### Given records
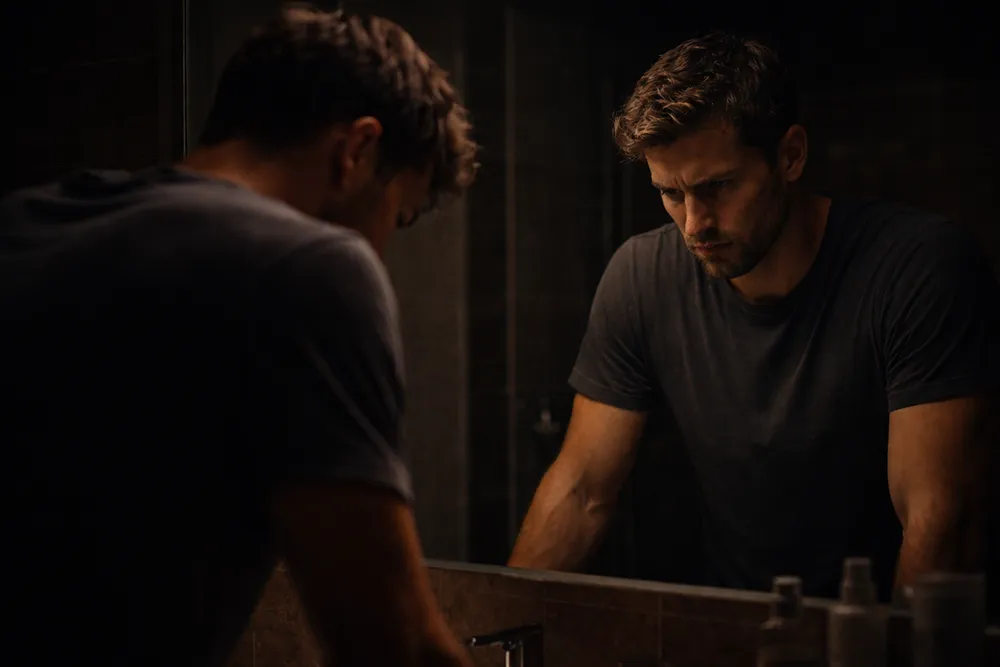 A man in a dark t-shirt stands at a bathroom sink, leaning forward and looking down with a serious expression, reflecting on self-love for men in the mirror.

==

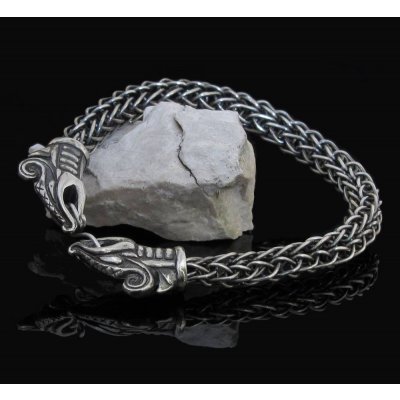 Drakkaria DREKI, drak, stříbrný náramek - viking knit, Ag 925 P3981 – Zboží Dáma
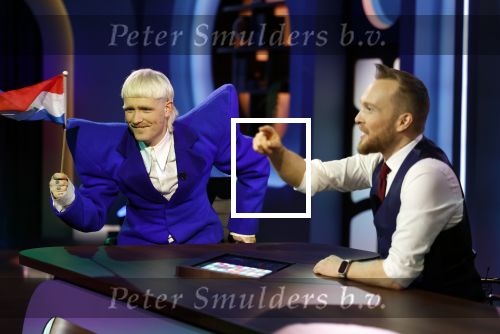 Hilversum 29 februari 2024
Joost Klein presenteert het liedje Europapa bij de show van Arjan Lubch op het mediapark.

---

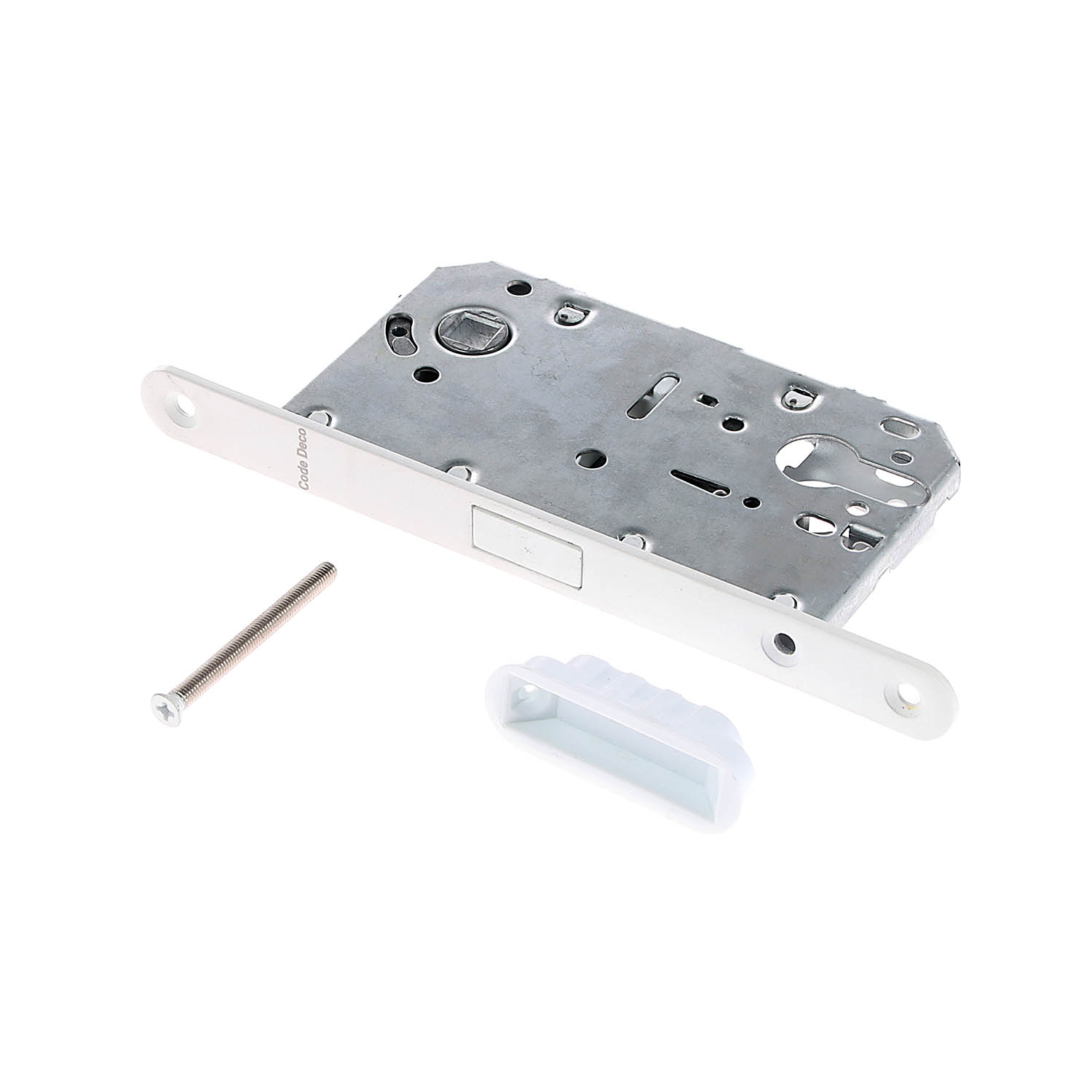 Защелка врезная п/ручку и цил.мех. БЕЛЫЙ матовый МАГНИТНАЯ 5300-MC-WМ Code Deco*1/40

### To do
Out of the records above, please copy exactly the lines from the line with "Drakkaria DREKI, drak, stříbrný" up to and including the line with "Joost Klein presenteert", minus the pictures.

### Reply to the exercise
 Drakkaria DREKI, drak, stříbrný náramek - viking knit, Ag 925 P3981 – Zboží Dáma
 Hilversum 29 februari 2024
Joost Klein presenteert het liedje Europapa bij de show van Arjan Lubch op het mediapark.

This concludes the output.